DÚVIDAS

Vírgulas e modificadores apositivos

Antes de mais, parabéns pelo excelente trabalho realizado neste portal.

A minha questão é sobre a utilização da vírgula numa situação em específico.

Em diversos textos jornalísticos, tenho visto que a vírgula é colocada entre a função de determinada personalidade e o seu nome (exemplo: «Em comunicado, o diretor da Casa-Memória de Camões, António Coelho, refere que...»).

No entanto, já tive professores que me indicaram que a vírgula não deveria ser colocada nestes casos, até porque tinha um valor de restrição (ficando «... o diretor da Casa-Memória de Camões António Coelho refere que...») . Os mesmos professores indicaram, no entanto, que a vírgula deveria ser colocada quando as posições se invertem, isto é, quando surge em primeiro lugar o nome da personalidade e depois a função.

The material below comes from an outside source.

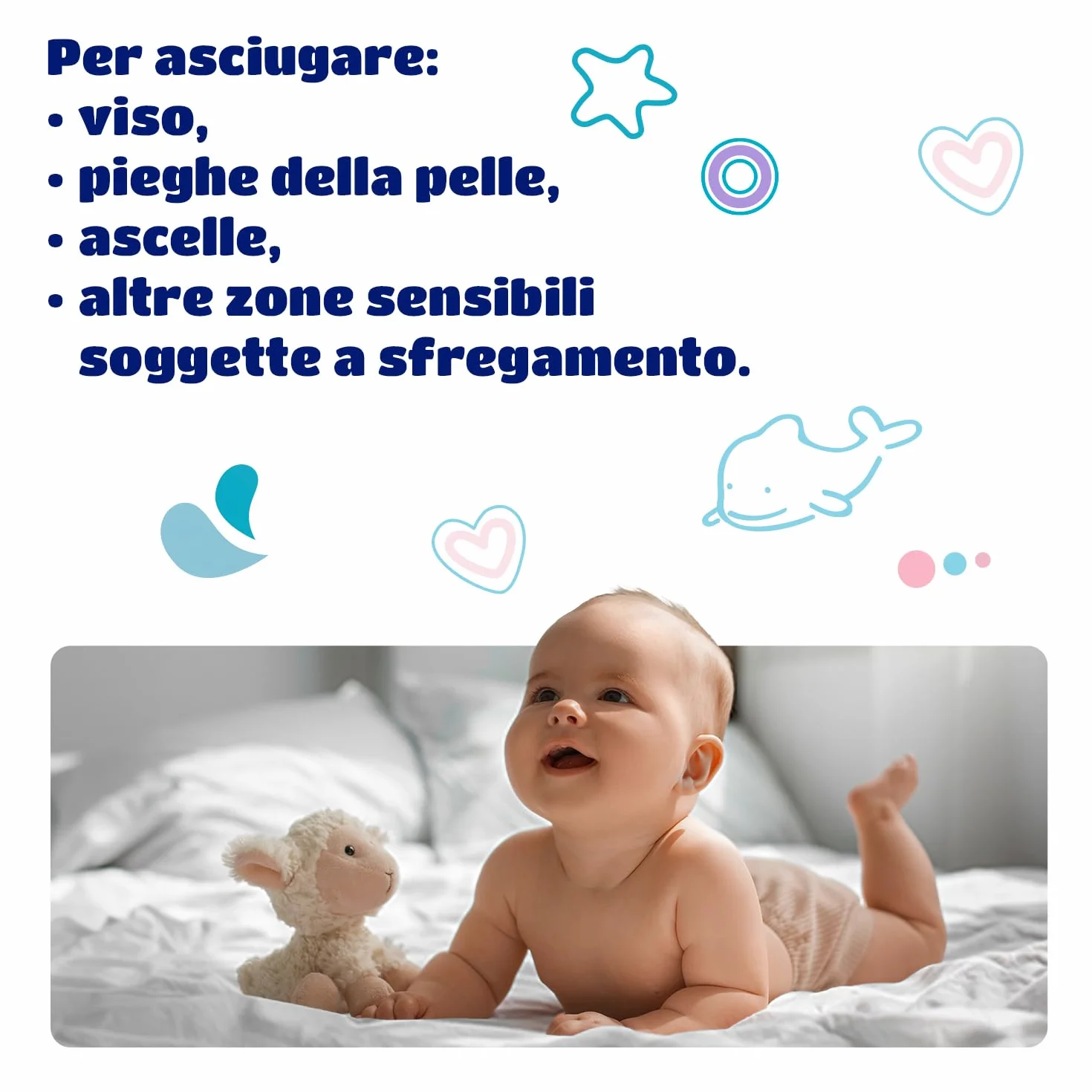 Kindii Quadrotti Cotone Neonato 60 Pezzi Quadrati grandi per pelli sensibili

Desta forma, a função ganha valor de explicação (exemplo: «Em comunicado, António Coelho, diretor da Casa-Memória de Camões»).

Solicitava uma clarificação sobre este assunto e qual a forma correta de utilização da vírgula.

Obrigado.

Resposta

A questão colocada envolve duas realidades sintático-semânticas de natureza distinta que têm implicações no uso da vírgula.

Por um lado, temos sintagmas nominais constituídos por um nome próprio nuclear e por um classificador do nome próprio, como se observa em (1):

(1) «O doutor Carlos Manuel»

Os classificadores1 associam-se aos nomes próprios referindo categorias nas quais estes se podem incluir. No caso dos antropónimos (nomes de pessoas), o classificador pode «ser realizado lexicalmente através de hipónimos2 como menino(a), senhor(a), incluindo nomes de profissão como arquiteto(a), doutor(a), engenheiro(a)» (Raposo e Nascimento in Raposo et al., Gramática do Português. Fundação Calouste Gulbenkian, p. 1037). Também podem funcionar como classificadores os nomes de parentesco3. Nestes casos, não há lugar a vírgula entre o classificador e o nome próprio.

 

Por outro lado, temos sintagmas nominais que incluem no seu interior um modificador apositivo, que constitui um comentário ou uma explicação sobre a entidade referida, como acontece em (2) e (3):

(2) «O primeiro rei da dinastia de Avis, D. João I» (a negrito, assinala-se o modificador apositivo)

(3) «D. João I, o primeiro rei da dinastia de Avis» (a negrito, assinala-se o modificador apositivo)

Estes modificadores apositivos têm a característica de serem intersubstituíveis com o nome que modificam, para além de não restringirem a significação do sintagma sobre o qual incidem, funcionamento que é assinalado pela presença de vírgulas.

Assim, se a intenção for a classificar o nome próprio «António Coelho», contribuindo para precisar a sua referência, não devemos usar vírgulas:

(4) «O diretor da Casa-Memória de Camões António Coelho refere que...»4

Se a intenção for a de esclarecer quem é o «diretor da Casa-Memória de Camões», deve usar-se um modificador apositivo, que surgirá entre vírgulas:

(5) «O diretor da Casa-Memória de Camões, António Coelho, refere que...»

 

Em nome do Ciberdúvidas, agradeço as gentis palavras que nos endereça.

Disponha sempre!

 

1. O termo classificador não é usado na nomenclatura gramatical do ensino básico e secundário em Portugal.

2. De acordo com esta interpretação, considera-se termo hiperónimo a expressão geral indivíduo (cf. Ibidem).

3. cf. Ibidem, p. 1041.

4. Neste caso particular, esta opção pode dificultar a interpretação devido ao encontro de dois nomes próprios (Camões  e António Coelho). Só o conhecimento do contexto de comunicação poderá indicar se este é suficientemente claro para permitir o uso do classificador. No caso de a expressão ser opaca, a opção por «António Coelho, o diretor da Casa-Memória de Camões, refere que…» será mais clara.